Government Code section 77206.1 is amended to read:

77206.1. (a) The presiding judge, or the person designated by the presiding judge to authorize expenditures from the Trial Court Operations Fund or bank account established under section 77009(a), shall approve no claim, and shall authorize no warrant, for any obligation in excess of that authorized therefor in the budget approved by the Judicial Council.
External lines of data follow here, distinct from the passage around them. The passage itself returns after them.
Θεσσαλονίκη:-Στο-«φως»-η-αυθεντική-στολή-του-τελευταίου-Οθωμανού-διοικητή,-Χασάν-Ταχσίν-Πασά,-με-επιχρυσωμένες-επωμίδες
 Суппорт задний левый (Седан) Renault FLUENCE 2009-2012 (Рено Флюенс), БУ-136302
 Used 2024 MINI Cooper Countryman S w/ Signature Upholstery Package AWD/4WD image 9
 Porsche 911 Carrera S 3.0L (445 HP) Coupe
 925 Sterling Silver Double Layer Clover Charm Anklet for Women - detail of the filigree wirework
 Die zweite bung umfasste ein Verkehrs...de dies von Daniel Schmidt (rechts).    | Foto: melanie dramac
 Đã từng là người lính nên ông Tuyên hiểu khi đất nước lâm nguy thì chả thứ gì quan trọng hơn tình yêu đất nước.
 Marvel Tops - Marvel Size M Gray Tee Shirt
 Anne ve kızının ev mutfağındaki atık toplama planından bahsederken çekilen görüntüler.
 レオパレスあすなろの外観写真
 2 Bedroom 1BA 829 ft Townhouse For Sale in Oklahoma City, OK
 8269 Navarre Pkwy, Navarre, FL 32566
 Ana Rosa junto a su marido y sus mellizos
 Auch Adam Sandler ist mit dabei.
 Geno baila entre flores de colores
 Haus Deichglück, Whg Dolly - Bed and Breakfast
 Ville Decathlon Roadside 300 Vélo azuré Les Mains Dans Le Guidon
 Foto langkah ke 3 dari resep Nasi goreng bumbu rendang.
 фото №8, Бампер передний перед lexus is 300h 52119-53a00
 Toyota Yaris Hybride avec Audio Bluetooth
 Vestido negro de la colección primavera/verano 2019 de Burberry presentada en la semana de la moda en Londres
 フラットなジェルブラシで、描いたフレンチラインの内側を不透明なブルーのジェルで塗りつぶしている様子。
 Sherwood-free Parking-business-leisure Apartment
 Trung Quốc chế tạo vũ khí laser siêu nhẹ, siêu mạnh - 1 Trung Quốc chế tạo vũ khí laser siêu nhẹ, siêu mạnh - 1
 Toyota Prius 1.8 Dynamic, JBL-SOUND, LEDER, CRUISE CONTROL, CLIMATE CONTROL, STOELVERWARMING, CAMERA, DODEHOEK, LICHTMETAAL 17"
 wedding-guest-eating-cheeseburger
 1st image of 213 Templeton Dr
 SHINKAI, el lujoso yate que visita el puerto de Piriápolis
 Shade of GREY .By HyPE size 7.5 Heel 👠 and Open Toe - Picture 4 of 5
(b) The Administrative Director of the Courts shall advise the Judicial Council, and the Judicial Council may appoint a person or entity to manage the expenditures from the Trial Court Operations Fund or bank account established under section 77009(a), of any court found to be in violation of this section or found to be in substantial or material noncompliance with the rules or directives regulating the budget and fiscal management of the superior courts adopted by the Judicial Council pursuant to Government Code section 77206, including but not limited to the rules and directives set forth in the Trial Court Financial Policies and Procedures Manual.

(c) The executive officer of a superior court who incurs any expenditure in excess of the allocation or other provisions of the fiscal year budget as approved by the Judicial Council or as subsequently changed by or with the approval of the Judicial Council, is personally liable for the amount of the excess expenditures.”